The Only Thing You Have To Fear . . .

I know I’ve been promising a book release for a while, and I am working on it. I promise! Thanks for your patience. 

When I started writing Darkling Like Stars (previously Blood Life) about three years ago, I wanted to write something I’d like to read. Writing is hard work, and, for me at least, it’s insanely personal. Part of me (most of me) never imagined I’d share it with the world, and a lot of me is super resistant to the idea. I’m sure this is a large factor in my delay, that and my editor woes (though, my new editor, Dario, is amazing. I recommend him 100%).

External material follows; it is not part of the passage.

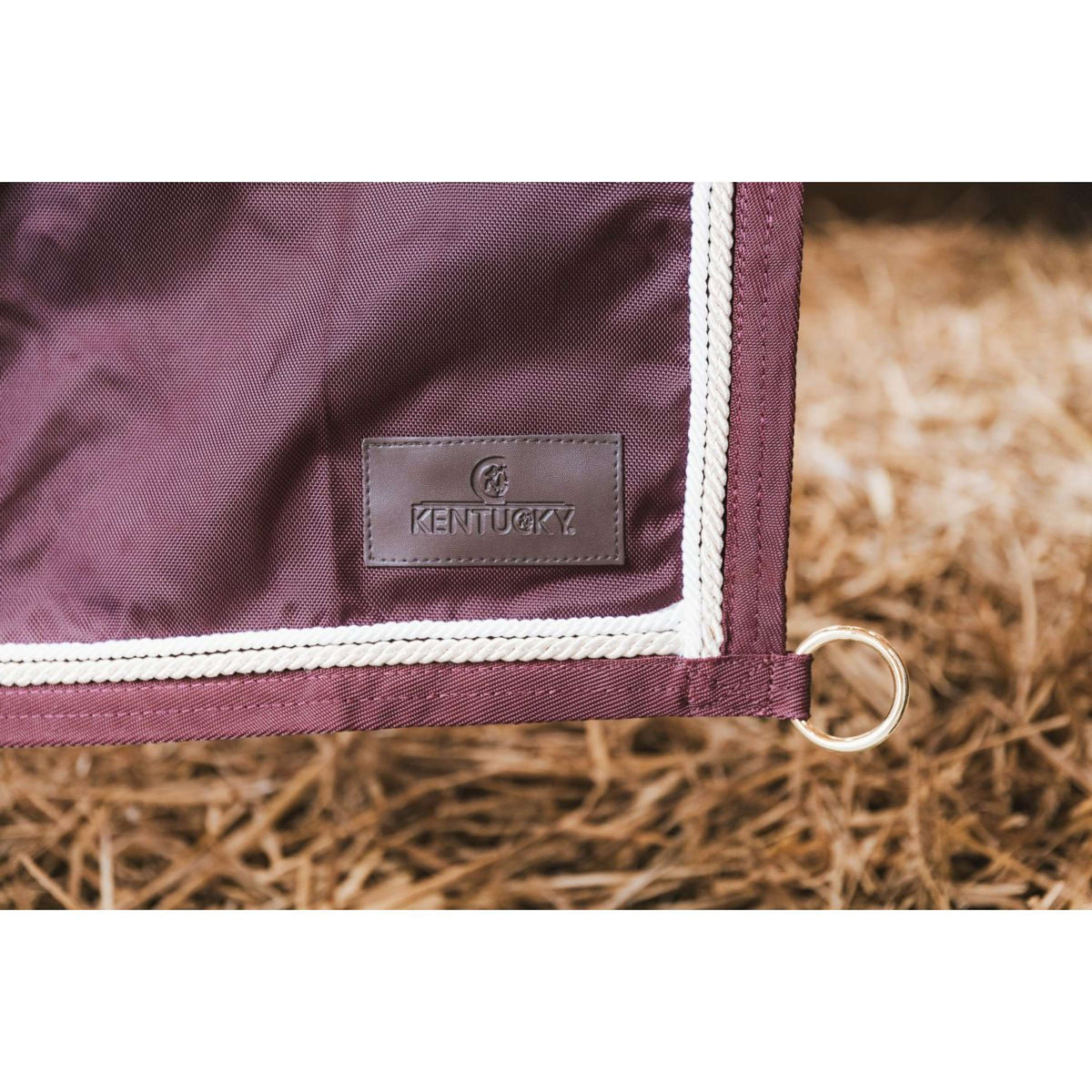Kentucky Tenture de Box Classic Bordeaux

What am I afraid of? David Jauss says “Like a dream, a story, if it’s any good, tells the truth about the author’s secret, inner life, for, as Oscar Wilde said, ‘One’s real life is so often the life that one does not lead.’ And about the nature of that truth, the reader sometimes knows more than the author.”

That’s close, but not quite my problem. I am a fairly open person about certain aspects of my life, but sharing my writing is like letting someone snoop around in my thoughts. You are reading my thoughts, and while those thoughts have been refined with editing and are fully realized by the time you read them, it’s still mortifying.

This book has gone through many changes over the years, and there’s been yet another change. Lately, I’ve been struggling with writing the blurb for the back cover, leading me to realize part of the problem: I’ve jammed too much into this book.

Solution: Darkling Like Stars has become two books: Dead Like Stars (book one) and Darkling Like Stars (book two). There will be, at least, one more, likely a prequel featuring the alien antagonists (the Quaadah), tentatively titled: Before These Stars.

So, book one is almost ready, book two is 85% finished, and despite my fears, I’ll be releasing them to the world . . . soon.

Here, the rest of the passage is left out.